While pondering mortality too much recently, I found myself staring morality squarely in its face. At my stepmother Pat’s funeral last Friday in Colorado Springs (she suffered a massive stroke on Dec. 23 and died three days later), the pastor who officiated the service at a generic, nondenominational mausoleum preached fire and brimstone and refused to let my sister incorporate Willie Nelson’s “Angels Flying too Close to the Ground” into a slide show. He told Kristen that he didn’t like what Willie stood for. Kristen made the wise choice to not inform me of this until after the pastor had left the building. Good call: I would have probably punched the guy. Pat loved Willie and all that he stood for … and everyone in that room — except for the smug, holy hired gun — loved Pat.

Local favorites The Supersuckers make two apperances this week: Saturday in Pagosa at the Outlaw Snowdown and Wednesday in Durango at the Abbey

Upon return to Durango, I found myself perusing local, national and international blogs about the Sydney Spies yearbook controversy. I wasn’t bothered by Spies’ photos. Let’s face it: kids will be kids. For whatever reason, I thought sporting mid-‘80s perm and a tweed jacket while palming a basketball in front of a bunch of hay bales made me look like the coolest guy in the West Denver suburbs. 20/20 hindsight made these pics look silly as soon as they arrived from the studio.

Nor was I upset with the reaction of the 9R administration. For the past 20 years, I’ve worked at a college that has dealt with more than its share of academic freedom and First Amendment controversies. These folks have tough calls to make, with the wellness of their entire student body often outweighing those of individuals.

No, what irked me were the conservative bloggers who questioned the morality of Spies and her parents, reverting to sexual stereotypes, homophobia and “Christian values” to paint this family as Public Enemy No. 1. Give me a break. An 18-year-old just wanted a glamour shot to be remembered by. Her parents no doubt love her as much as any of us love our children.

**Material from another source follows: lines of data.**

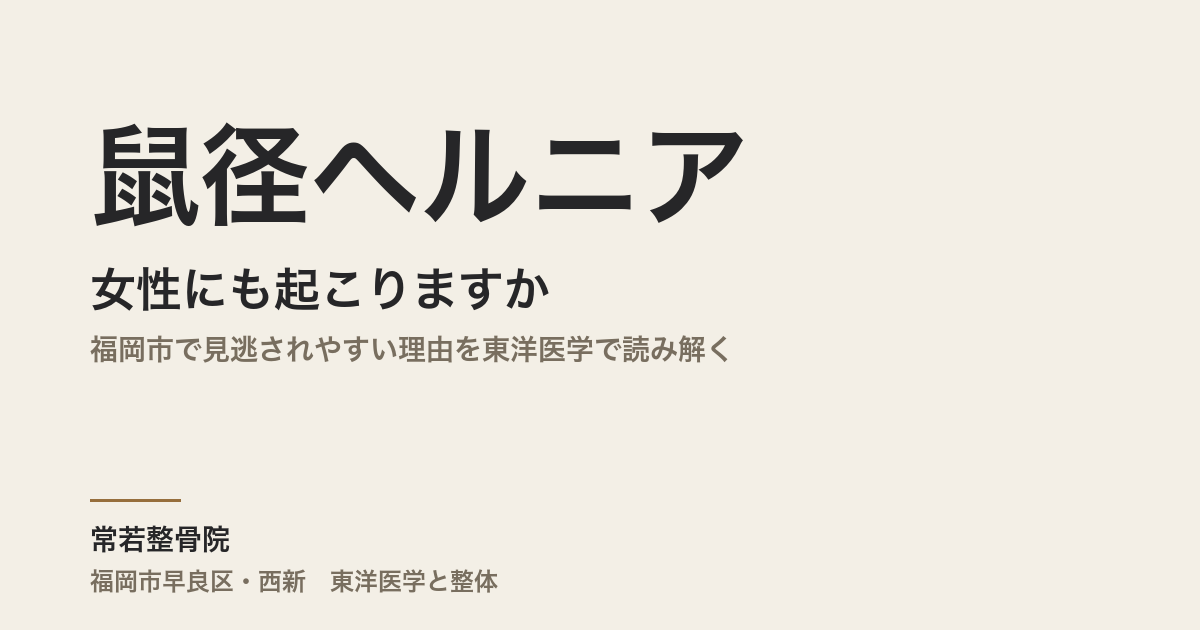 鼠径ヘルニアは女性にも起こりますか|福岡市で見逃されやすい理由を東洋医学で読み解く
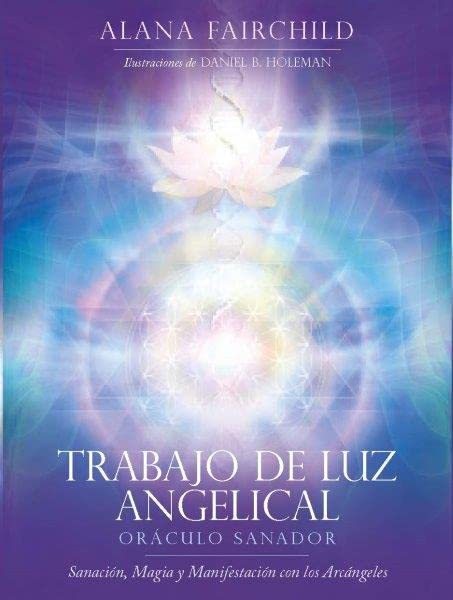 Libro: TRABAJO DE LUZ ANGELICAL (ORACULOS)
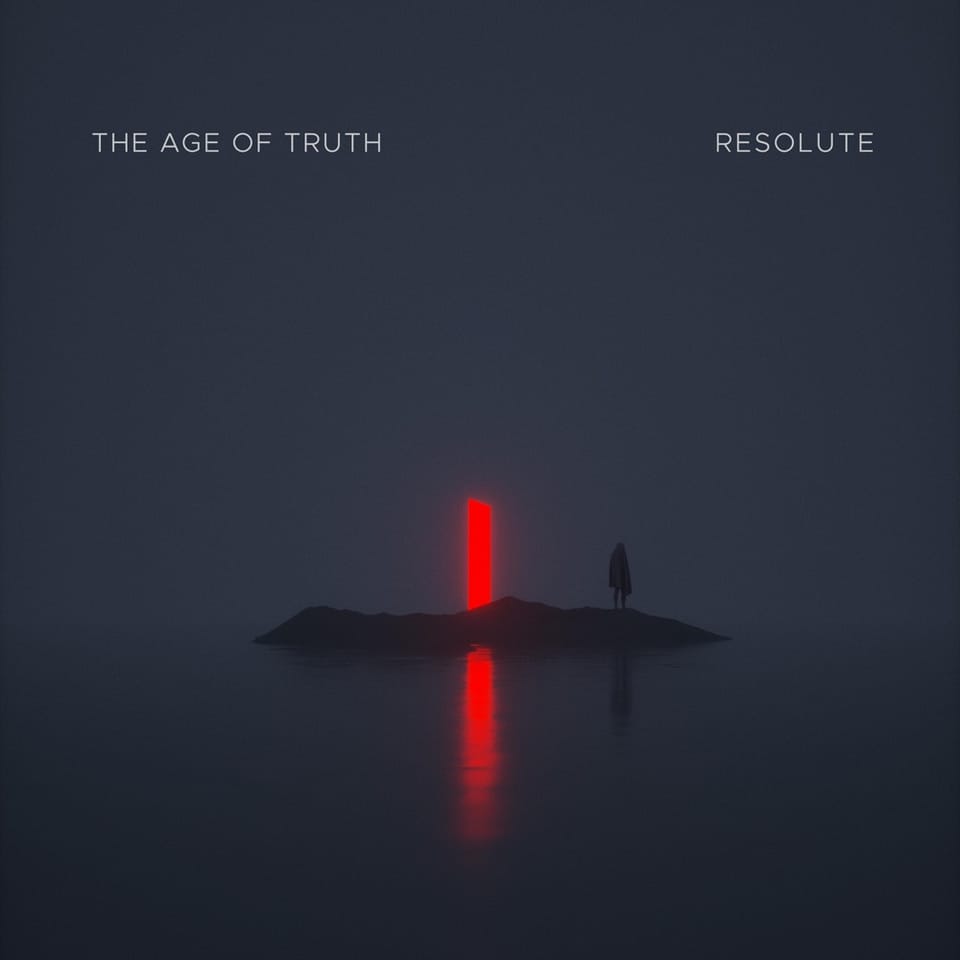 Day 20: An Album A Day - The Age of Truth Resolute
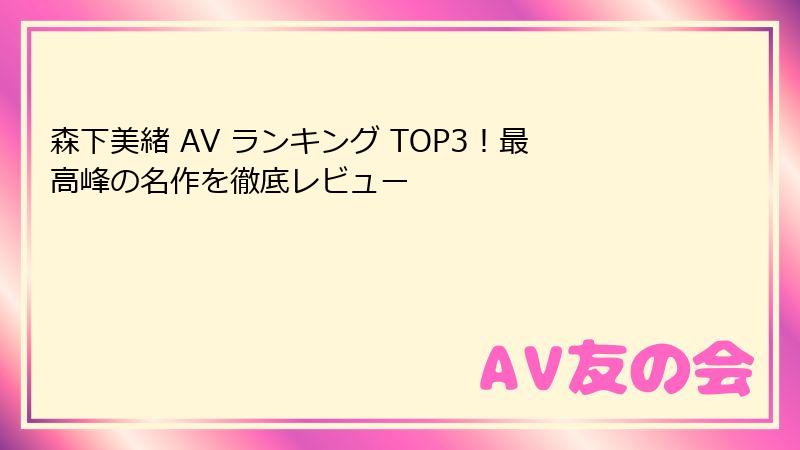 森下美緒 AV ランキング TOP3！最高峰の名作を徹底レビュー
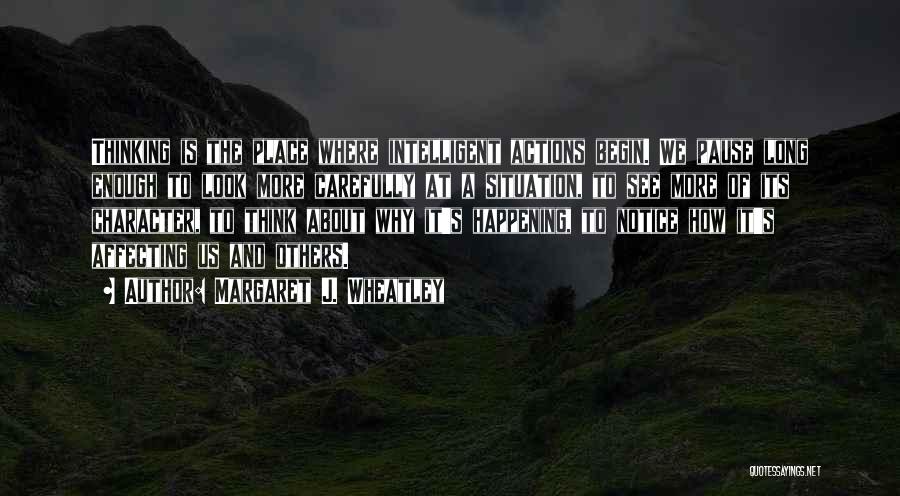 Margaret J. Wheatley Quotes: Thinking Is The Place Where Intelligent Actions Begin. We Pause Long Enough To Look More Carefully At A Situation, To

So I’ll throw biblical verse back at that Colorado Springs preacher and the holier-than-thou bloggers out there. To paraphrase John 8:7, let him without sin cast the first stone.

So drink, dance and make merry, ye fellow heathens. It’s a busy week.

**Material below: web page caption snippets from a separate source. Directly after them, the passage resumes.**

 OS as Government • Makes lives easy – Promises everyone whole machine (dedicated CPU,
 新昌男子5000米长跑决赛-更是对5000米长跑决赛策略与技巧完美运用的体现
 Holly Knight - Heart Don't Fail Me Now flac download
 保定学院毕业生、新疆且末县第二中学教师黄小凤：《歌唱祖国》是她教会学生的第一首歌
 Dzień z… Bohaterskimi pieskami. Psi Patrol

The Infamous Stringdusters make their annual trek to the Community Concert Hall at 7 p.m. tonight (Thurs., Jan. 12), when they play a twin bill that includes Elephant Revival. The ‘Dusters ride into town on the heels of the release of an excellent new album, “We’ll Do It Live.” The band’s first live album succeeds in capturing their raw energy and musical chops, much more so than the past few studio efforts did. Longtime favorites like “Fork in the Road” and “No More to Leave You Behind” become more powerful, while covers of John Hartford, Danny Barnes and Benny “Burle” Galloway pepper the set. Elephant Revival, an up-and-coming neo-acoustic quintet that labels its music as “transcendental folk,” is an added treat. Instruments like the djembe, musical saw, washboard and viola augment traditional folk and bluegrass sounds.

Dance returns to the Community Concert Hall at 7 p.m. Tuesday in the form of the Pilobolus Dance Theatre. After more than 40 years, Pilobolus remains a major American dance company of international influence. With its unique vision of modern dance, this troupe stretches the boundaries of human movement with a dazzling mix of humor, intelligence, physical invention and raw athleticism. And they’re named for a sun-loving fungus that, when ripe, blasts off its sporangium with incredible force that accelerates from zero to 45 MPH. Groovy.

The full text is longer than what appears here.